When I saw that the memo from House Intelligence Committee Chairman Devin Nunes’s (R-Calif.) office had been released, I could not believe my eyes. I sat bolt upright in my long nightshirt and grabbed my flintlock musket. I ran to the window and threw up the sash (no, hang on, that is a different poem), hopped on my steed, and went galloping off to alert my brethren.
King George had done certain things, of course, that were not to be borne, but next to this memo, I was sure, they paled.
“AWAKE, AWAKE!” I cried, clanging into Medford Square, “UP AND TO ARMS!”
“Why?” demanded the honest townsfolk.
“Remember how upset we were when King George plundered our seas, ravaged our coasts, burned our towns and destroyed the lives of our people?” I demanded to know. “Well, I have the Nunes memo, and compared with its contents, I can assure you, that was child’s play!”

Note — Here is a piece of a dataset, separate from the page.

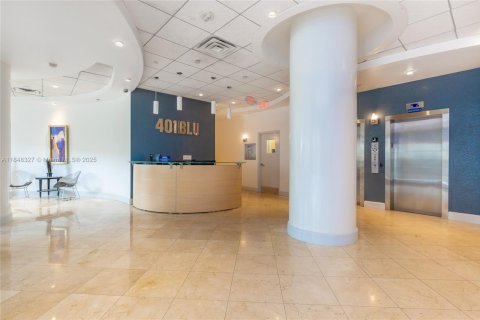 Condo in Miami Beach, Florida, 1 bedroom  № 1936220 - photo 25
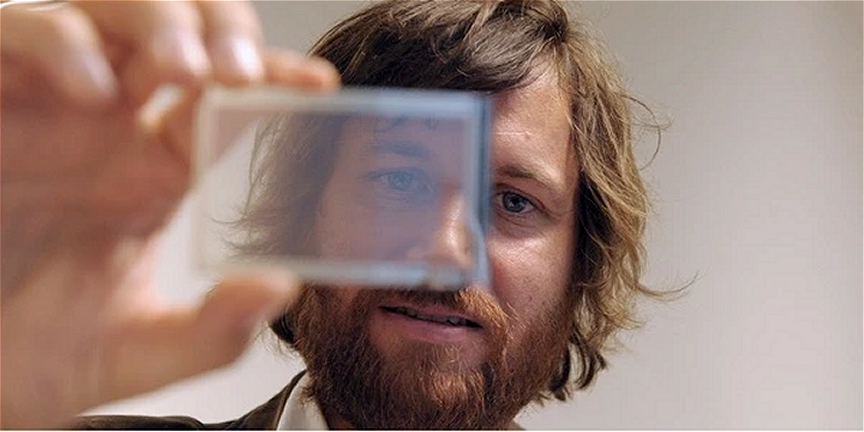 They’re Solar Panels as you’ve never seen them before: completely clear.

“What does the memo say?” a townsman inquired.
“SOMETHING ABOUT CARTER PAGE!” I shouted, spurring my horse. “SOMETHING THE DEMOCRATS DID NOT WISH TO BE SEEN! On, on to Lexington!” I reined in my steed beneath the gilded weathercock. A small crowd had followed me from one town to the next with weapons in hand, but they as yet lacked direction.
“Up!” I shouted. “Up and arise, for when King George III was ‘at this time transporting large Armies of foreign Mercenaries to compleat the works of death, desolation, and tyranny,’ he could not have hoped to compare to the information that I have here on six pieces of paper printed out from the Washington Examiner’s website!”
By the time I made it to Concord, the throng had doubled in size. “Grab your tea!” I shouted. “GRAB YOUR HORNS OF POWDER, GRAB YOUR MINUTEMEN, AND MEET ME IN THE HARBOR! THERE IS NO TIME TO WASTE!” I was somewhat mixing my metaphors, but this was to be expected in my excitement. “I have in my hand a memo that proves everything! All our worst fears are corroborated right here on this page!”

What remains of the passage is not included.